The “Department” promulgated 603 CMR 28.07(7) in order to seek assistance from school districts in identifying individuals to volunteer as SESPs. 603 CMR 28.07(7) subparagraphs (a) and (b) apply to all potential SESPs regardless of whether a school district recruited or identified them. These sections establish the primary responsibility of the SESP, the Department’s authority to assign SESPs to students, and ensure that potential SESPs lack conflicts of interest. Subsections (a) and (b) were included in this regulation to ensure that districts understood the essential purpose of SESPs when identifying individuals who may want to volunteer. Other regulations that apply to all SESPs are documented in the federal regulations, 34 CFR 300.519.
In contrast to 603 CMR 28.07(7) subparagraphs (a) and (b), 28.07(7)(c) applies only when a school district identifies an SESP that the Department subsequently assigns to a student enrolled in the same district4. Under these circumstances, 603 CMR 28.07(7)(c) requires the school district to reimburse the SESP for “reasonable expenses” related to travel (mileage, tolls and parking) to and from Team and other necessary meetings regarding the student’s special education, and observation of proposed or current programs, copying of school records, long-distance phone calls , postage, and other types of out-of-pocket expenses associated with the “responsibilities as an educational surrogate parent.”

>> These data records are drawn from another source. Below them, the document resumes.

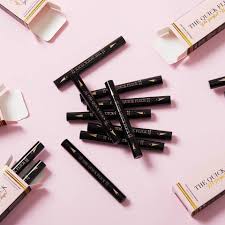 Very happy with purchase and great customer service.i did have a problem with one of the eyeliner stamps not working customer service was quick to reply. Say Hello To Perfect Winged Eyeliner Thanks To The Quick Flick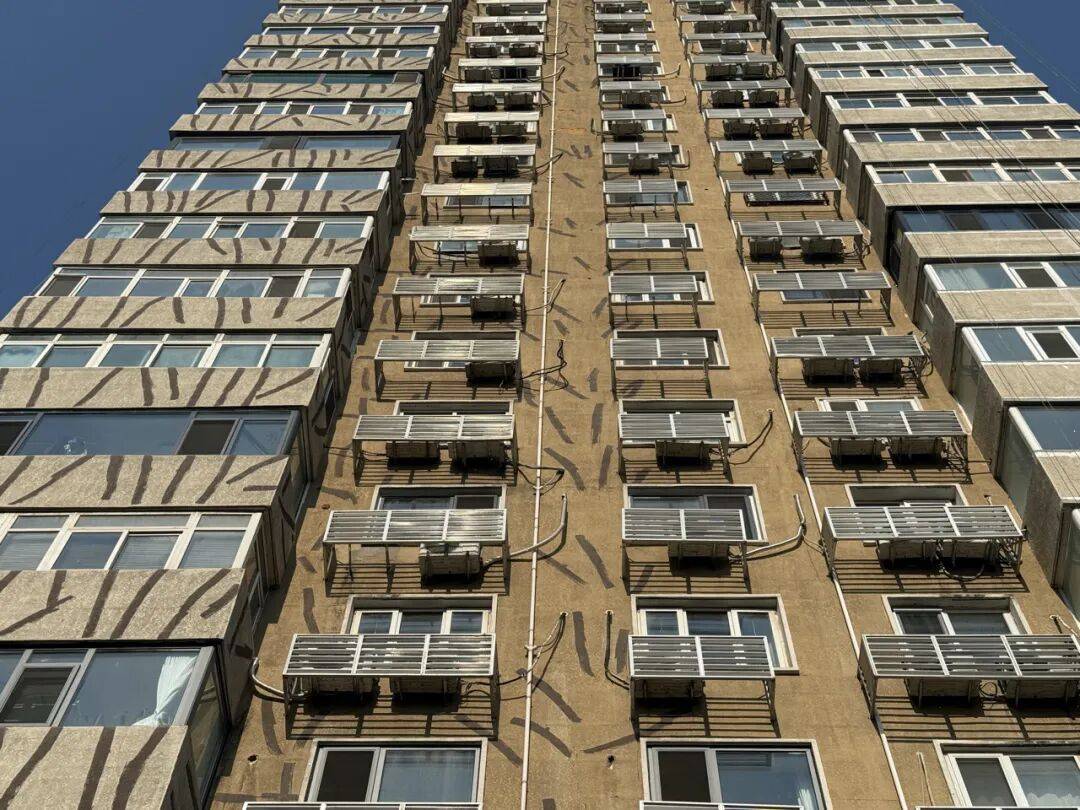 四环边这栋“补丁大楼”挺吓人,物业:明年改造丨有事儿@新京报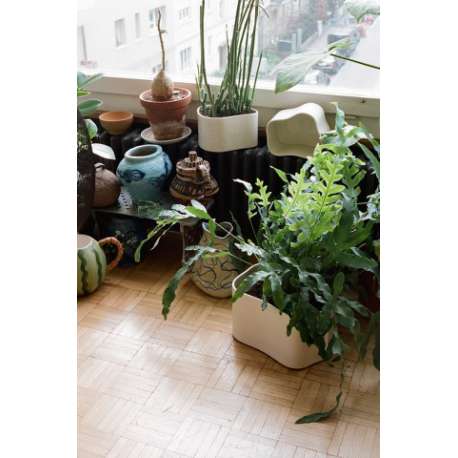 Riihitie Pot à plantes - modèle B - small - bleu - artek - Aino Aalto - Weekend 17-06-2022 15% - Furniture by Designcollectors
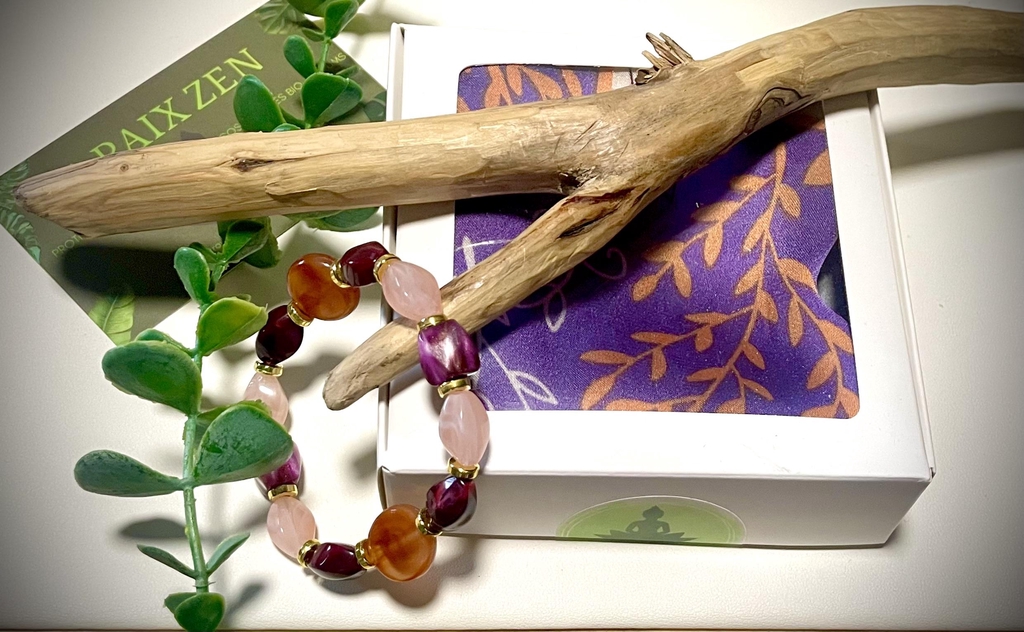 Les PETITS PLAISIRS sont des coffrets cadeaux prêt à offrir et à petits prix.
Des coffrets remplis de douceur, de couleurs et d’attention pour toucher les cœurs 💕 
Foulard polyester et bracelet acrylique coordonnés.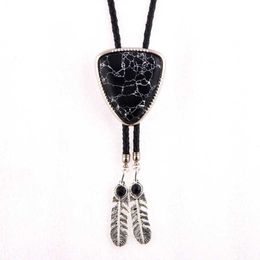 Cravates KDG Bolo tie noir Howlite triangle pierre naturelle texture alliage plume cuir Bolo tie J230227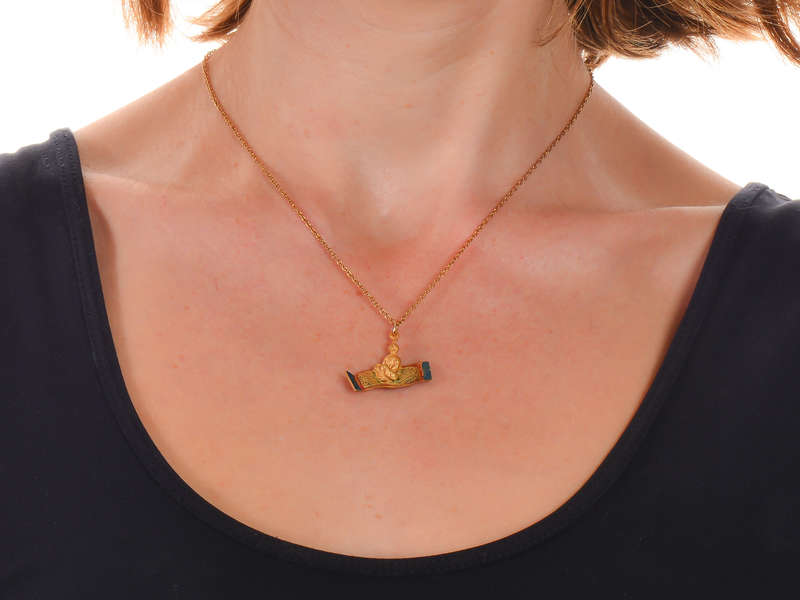 Sloan & Co. Aladdin on a Magic Carpet Charm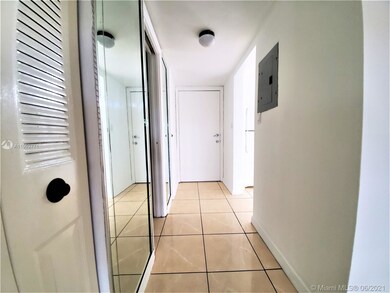 6600 W 2nd Ct unit 15, Hialeah, FL 33012 - photo 5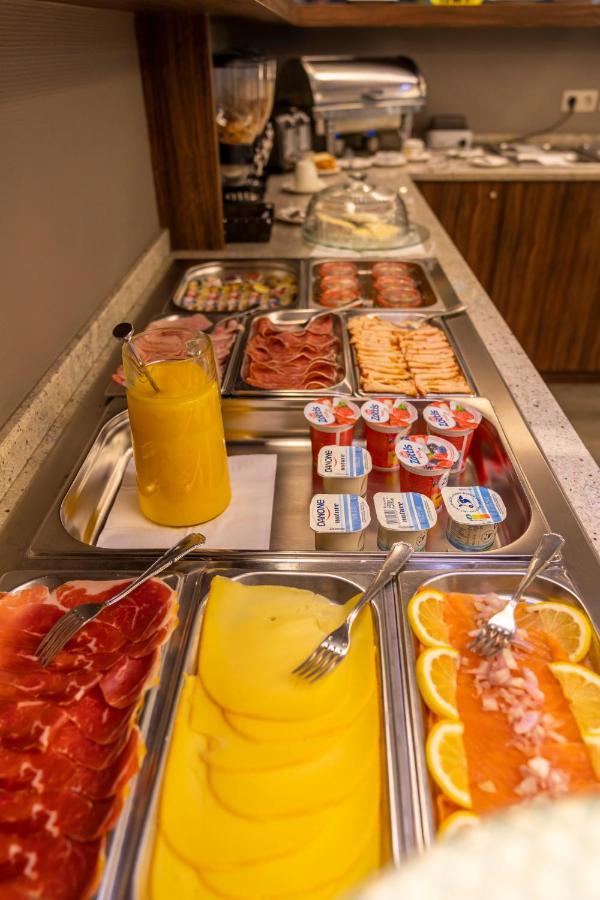 Hotel Ambiotel 통게렌 외부 사진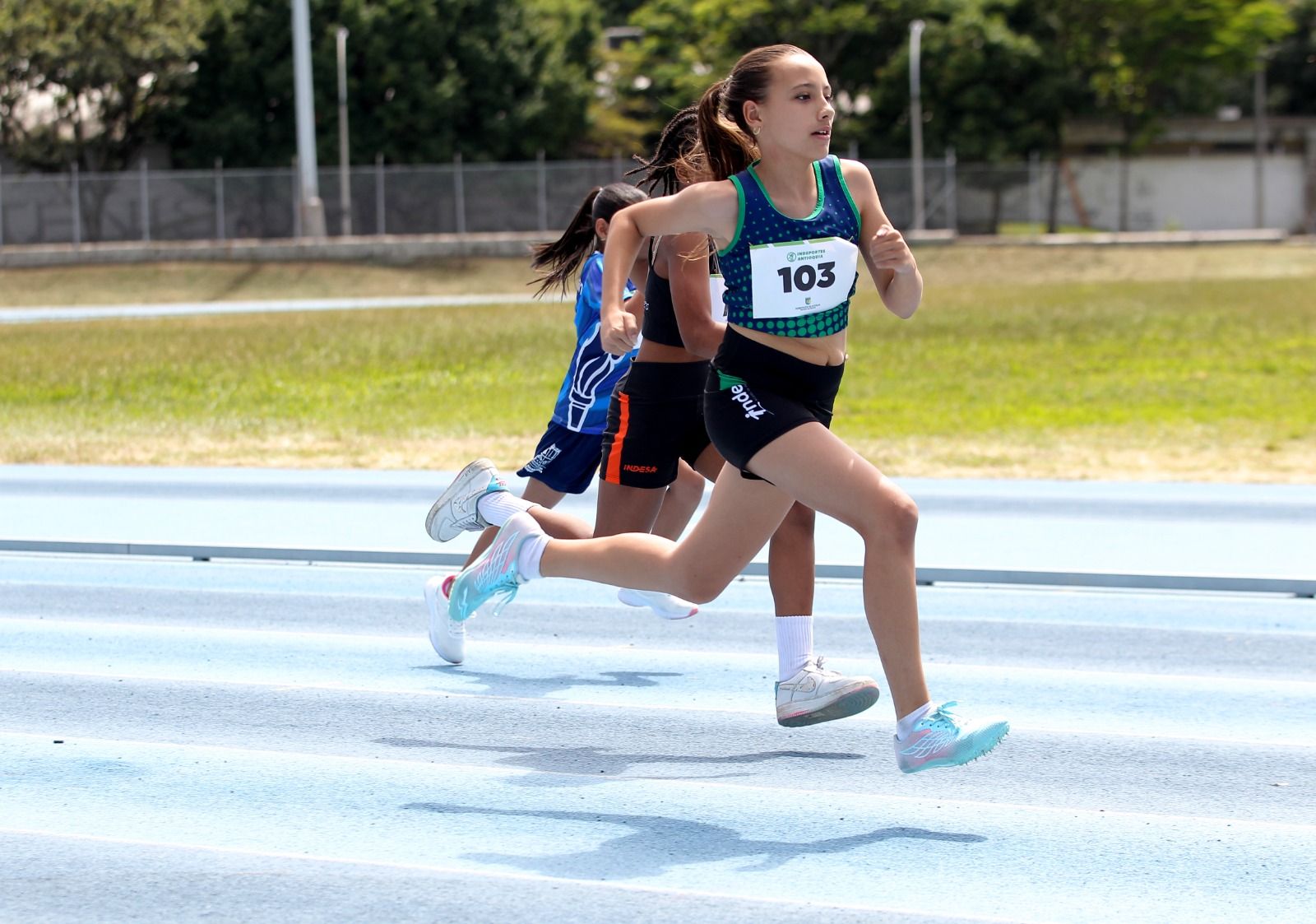 niñas en atletismo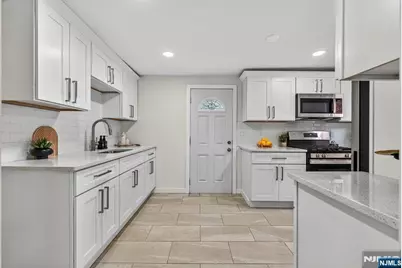 1380 Hamilton Street, Elizabeth, NJ 07208 - Photo 9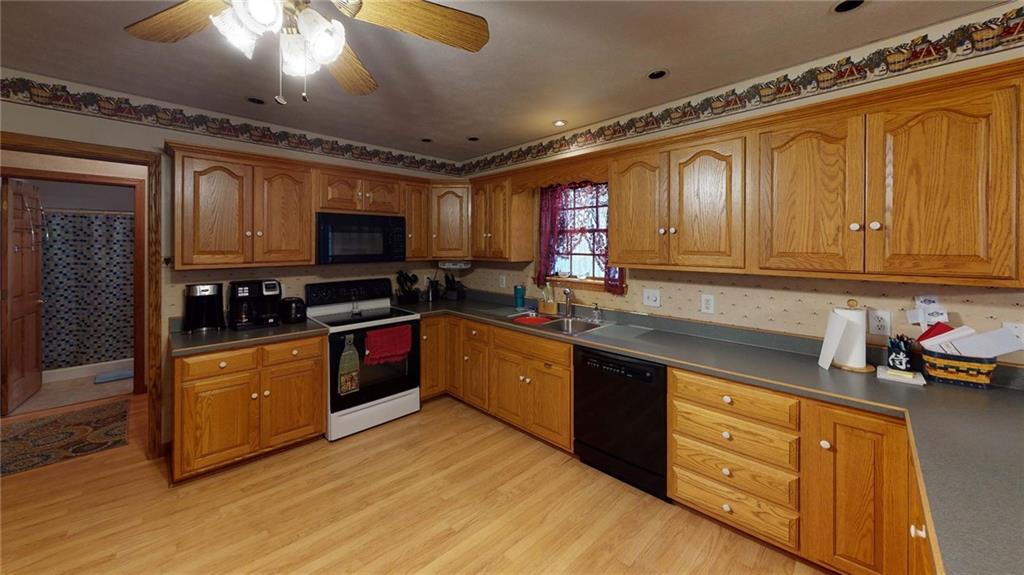 163 Landgraf Road Chicora, PA 16025 - Photo 7 of 19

603 CMR 28.07(7)(c) does not require school districts to pay a retainer or other fees for an SESP to hire an attorney for a due process hearing. If requested, the IDEA permits courts to award attorneys’ fees to prevailing parties in due process hearings. 20 U.S.C §1415(i)(3)(B)(i). This fee shifting provision in the IDEA applies to parents and SESPs in the same manner. Attorneys’ fees are not “reasonable expenses” for which SESPs can seek reimbursement from school districts under 603 CMR 28.07(7)(c).